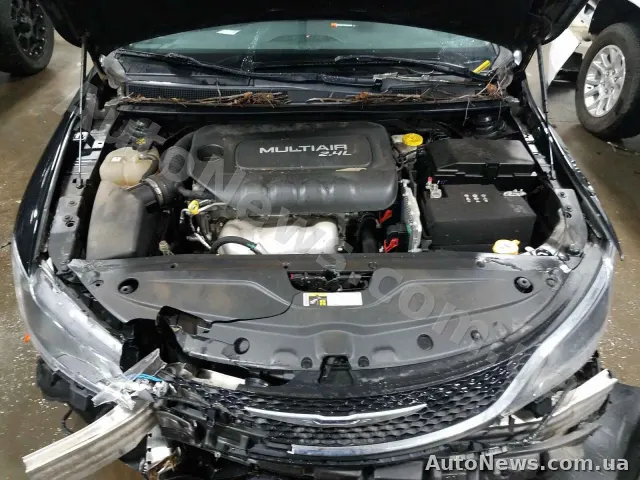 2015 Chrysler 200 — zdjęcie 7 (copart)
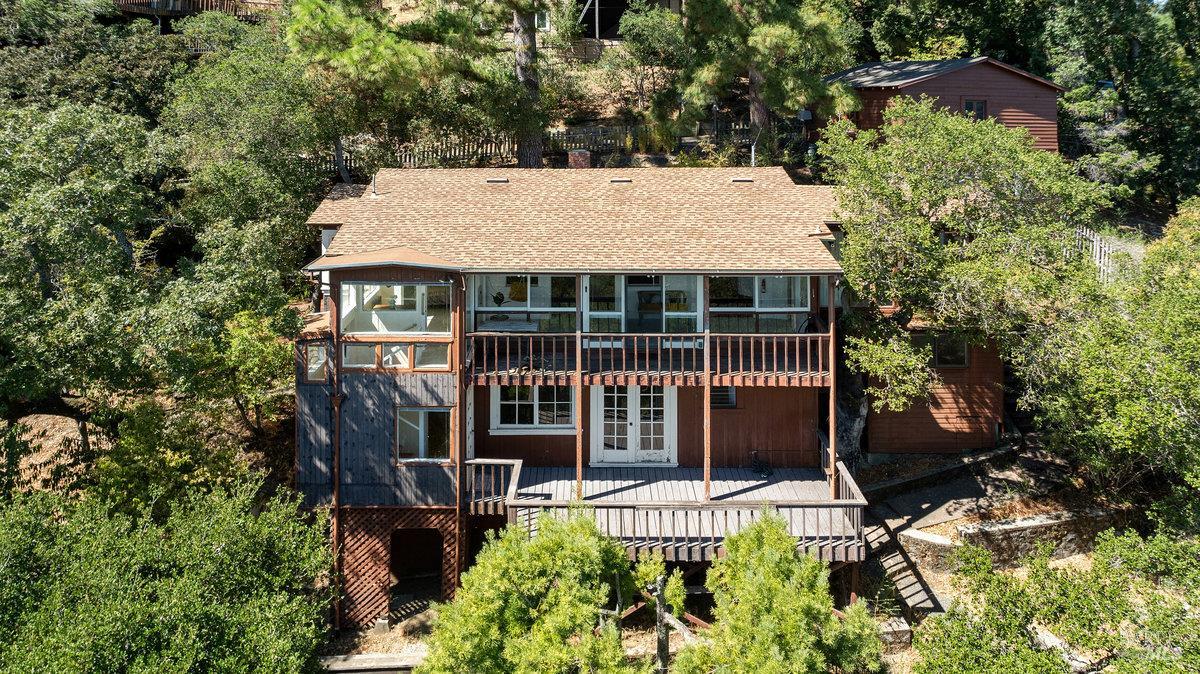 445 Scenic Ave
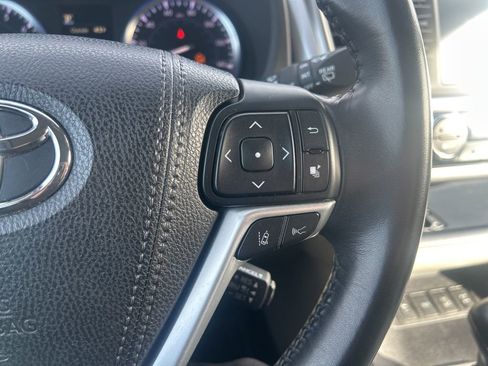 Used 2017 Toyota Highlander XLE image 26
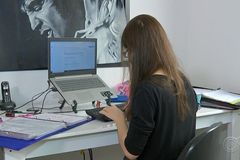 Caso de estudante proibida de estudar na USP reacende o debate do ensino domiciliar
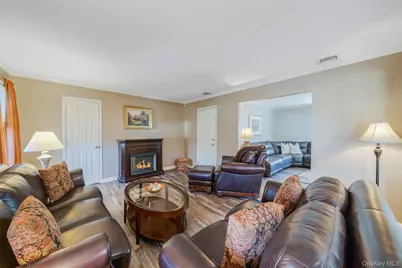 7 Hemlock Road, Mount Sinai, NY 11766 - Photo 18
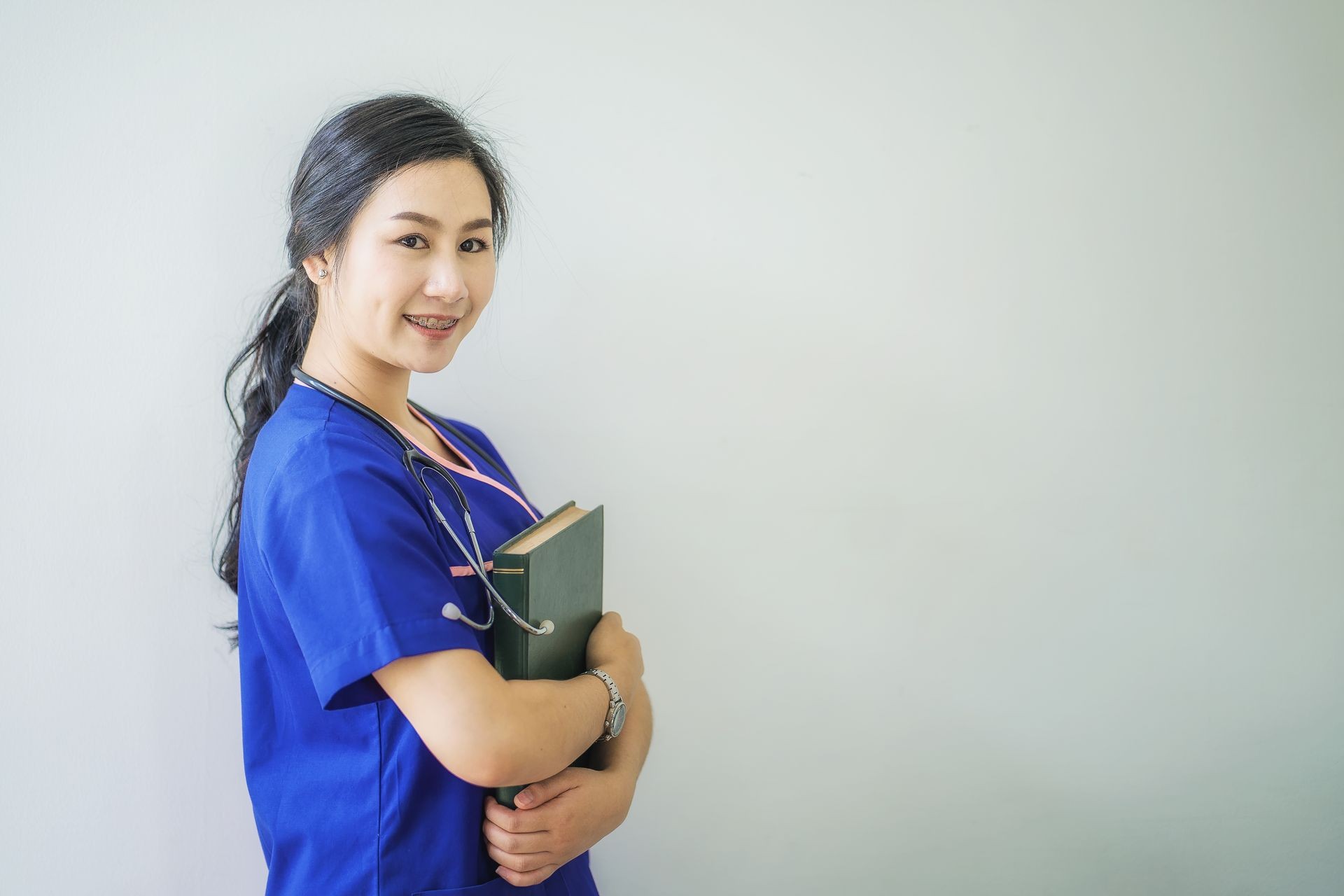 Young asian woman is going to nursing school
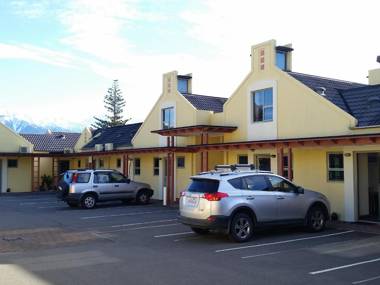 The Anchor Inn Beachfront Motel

...

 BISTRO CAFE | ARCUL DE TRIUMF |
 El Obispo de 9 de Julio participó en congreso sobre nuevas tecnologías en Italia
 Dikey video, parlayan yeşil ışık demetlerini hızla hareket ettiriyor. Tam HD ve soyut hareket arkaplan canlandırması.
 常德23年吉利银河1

==

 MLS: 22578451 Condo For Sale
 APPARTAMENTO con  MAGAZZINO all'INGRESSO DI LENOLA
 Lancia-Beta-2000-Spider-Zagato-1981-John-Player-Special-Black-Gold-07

__Aim of the exercise__:
What you write must match the listing exactly, from the line with "7 Hemlock Road, Mount" up to and including the line with "The Anchor Inn Beachfront Motel". Pictures stay out.

__Exercise result__:
 7 Hemlock Road, Mount Sinai, NY 11766 - Photo 18
 Young asian woman is going to nursing school
 The Anchor Inn Beachfront Motel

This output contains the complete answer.